■ **Provided material**

*** Block opens ***

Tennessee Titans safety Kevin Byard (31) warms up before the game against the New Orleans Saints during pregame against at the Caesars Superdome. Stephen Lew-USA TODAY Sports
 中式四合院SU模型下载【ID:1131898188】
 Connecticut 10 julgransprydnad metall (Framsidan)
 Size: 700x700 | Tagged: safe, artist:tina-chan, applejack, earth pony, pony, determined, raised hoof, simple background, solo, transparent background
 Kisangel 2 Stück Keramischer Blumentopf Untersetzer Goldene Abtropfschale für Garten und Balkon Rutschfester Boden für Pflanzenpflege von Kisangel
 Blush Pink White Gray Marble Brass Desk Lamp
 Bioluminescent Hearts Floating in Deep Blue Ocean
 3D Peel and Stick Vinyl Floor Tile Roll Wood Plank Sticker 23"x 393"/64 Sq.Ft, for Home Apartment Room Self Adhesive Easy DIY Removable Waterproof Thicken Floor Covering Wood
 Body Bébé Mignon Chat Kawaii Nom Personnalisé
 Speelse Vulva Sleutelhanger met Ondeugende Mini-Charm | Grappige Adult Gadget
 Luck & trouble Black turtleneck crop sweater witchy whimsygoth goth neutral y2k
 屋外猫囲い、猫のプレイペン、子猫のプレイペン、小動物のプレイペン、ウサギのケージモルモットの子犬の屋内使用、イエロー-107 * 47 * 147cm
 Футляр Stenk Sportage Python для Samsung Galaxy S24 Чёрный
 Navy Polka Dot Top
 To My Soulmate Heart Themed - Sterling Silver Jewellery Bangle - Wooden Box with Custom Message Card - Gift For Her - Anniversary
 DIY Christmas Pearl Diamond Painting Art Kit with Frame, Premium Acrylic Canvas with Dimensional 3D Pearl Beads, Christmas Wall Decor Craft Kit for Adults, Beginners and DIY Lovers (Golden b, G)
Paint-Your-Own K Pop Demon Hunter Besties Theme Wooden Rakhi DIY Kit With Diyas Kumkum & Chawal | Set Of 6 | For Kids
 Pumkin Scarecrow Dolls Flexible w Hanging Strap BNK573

*** Block closes ***

■ **Task directions**
The lines you need are those with the word "Wooden"; list them from the entries.

■ **Expected answer**
 To My Soulmate Heart Themed - Sterling Silver Jewellery Bangle - Wooden Box with Custom Message Card - Gift For Her - Anniversary
Paint-Your-Own K Pop Demon Hunter Besties Theme Wooden Rakhi DIY Kit With Diyas Kumkum & Chawal | Set Of 6 | For Kids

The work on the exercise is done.